Three Datacenters

You are building a system that is going to be hosted in the Cloud. You have the option of spreading your application across any number of regions or zones in the cloud. You need to make your system resiliant to the possibility of failures that are inherent in the cloud model.

What is the best number of datacenters to deploy to in a system built with minimum cost but maximum redundancy?

One datacenter doesn’t make a resilient system, but do we need two, or three, or twenty? The more datacenters you have to operate, the more complex operating them becomes; but less datacenters increase the consequences of any single one going down. If you want to guard against losing a single datacenter, then the remaining datacenters need to have plenty of reserve to absorb the load of the one that is now removed from the platform; it’s easy to see that you need $ n $ datacenters each having $ n/(n - 1) $ capacity, from which it follows that the total spare capacity carried ($ 1/(n-1) $) goes down with an increasing $ n $.

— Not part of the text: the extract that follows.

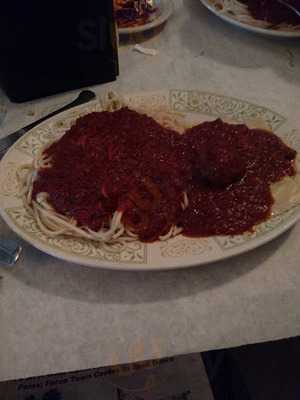 Di Paolo's Red Lion Inn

On the other hand, every data center requires a set of “overhead” machines–for monitoring, infrastructure, etcetera–which can be regarded as fixed relative to the amount of systems running in that datacenter. With more datacenters, the total of the fixed overhead per datacenter goes up, while the total of the spare capacity carried goes down–often, the overhead increase wins it from the spare capacity decrease. Furthermore, you often want to run consensus systems over your datacenters requiring a quorum decision; these systems almost always work best if there is an uneven number of participants involved in order to avoid split-brain situations.

Therefore,

Choose the minimum amount of datacenters that cannot cause a split brain situation but still will give redudancy: Three. Have good reasons to go above that, and consider always having an uneven number to make quorum consensus simpler.

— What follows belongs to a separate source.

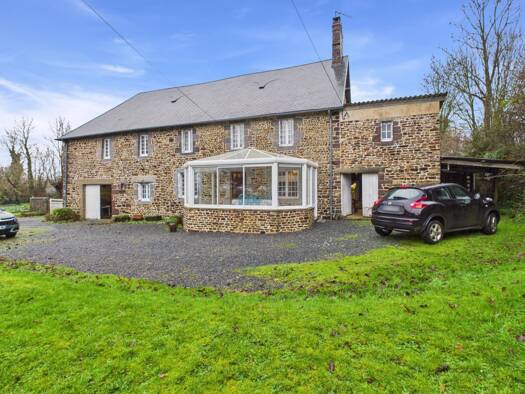 Maison à vendre 199 000 € 6 pièces 4 chambres 111 m² 1 400 m² de terrain Roncey 50210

There are a number of conflicing forces here at work. Even in a cloud, datacenters often have special machines that manage infrastructure and thus do not contribute compute and/or storage to systems running the business logic; examples are login bastion hosts, machines collecting logs and metrics (but see [Outsource Metrics and Logging], machines responsible for running software deployment services, etc. This, in a sense, is fixed overhead per datacenter which needs to be amortized over the machines that do contribute capacity. Especially for smaller systems, this overhead may make adding too many datacenters infeasible. With more datacenters, however, each datacenter contributes less capacity to the total capacity required and thus the spare capacity that needs to be carried around to protect against the outage of a datacenter becomes smaller. The detailed calculations are outside the scope of this pattern, but it should be relatively simple to find, for a given system, a point where the spare capacity plus the total overhead is at a minimum. For example, if the total capacity required is 60 machines, and the fixed overhead per datacenter is 5 machines, then at $ n = 4 $ or $ n = 5 $ the total overhead ($ n * 5 $) plus the spare capacity ($ total * (1 / (n - 1))$) are both 40 - with $ n $ above or below this point, this sum is higher[^2].

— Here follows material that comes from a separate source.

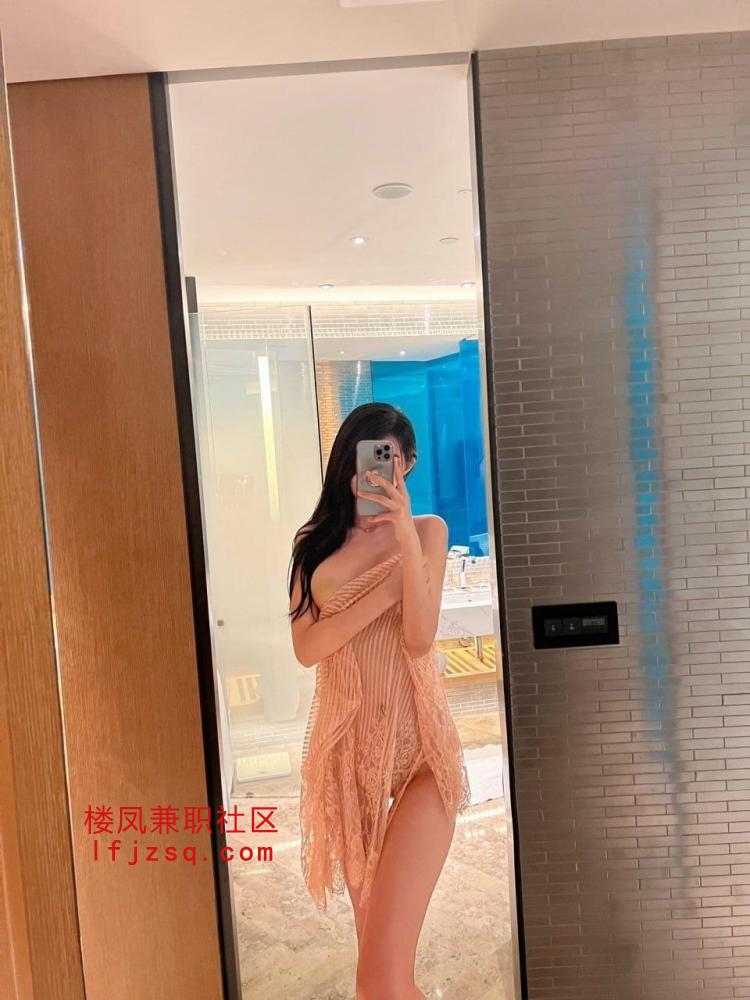 佛山粉嫩巨乳妹妹角色扮演小娇妻被操到直喊老公！太刺激了！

The other consideration is more technical and less a matter of punching cost figures into spreadsheets. Various patterns in this language argue that to make the system work as a mostly seamless whole across datacenters you must consider what happens if one goes away. Distributed systems very often rely on not being able to end up in a split-brain situation, meaning a situation where a network outage between parts of a system results in the parts of the system each continuing to work, mutating data, and ending up with conflicts when the parts are re-joined. A simple way to achieve resistence is by making sure that the members of a distributed system only work when there’s a simple majority, or quorum, visible; there can be only one simple majority and thus only one part of a system that keeps working under a loss of network connectivity[^3]. Simple majorities work best if there is an uneven number of participants; in the absence of this condition, some participants’ votes in the system need to be weighed as more important to make sure that a split-brain situation cannot occur; these weighing factors often make systems more brittle and harder to maintain, so if possible an uneven number of datacenters is the simplest solution.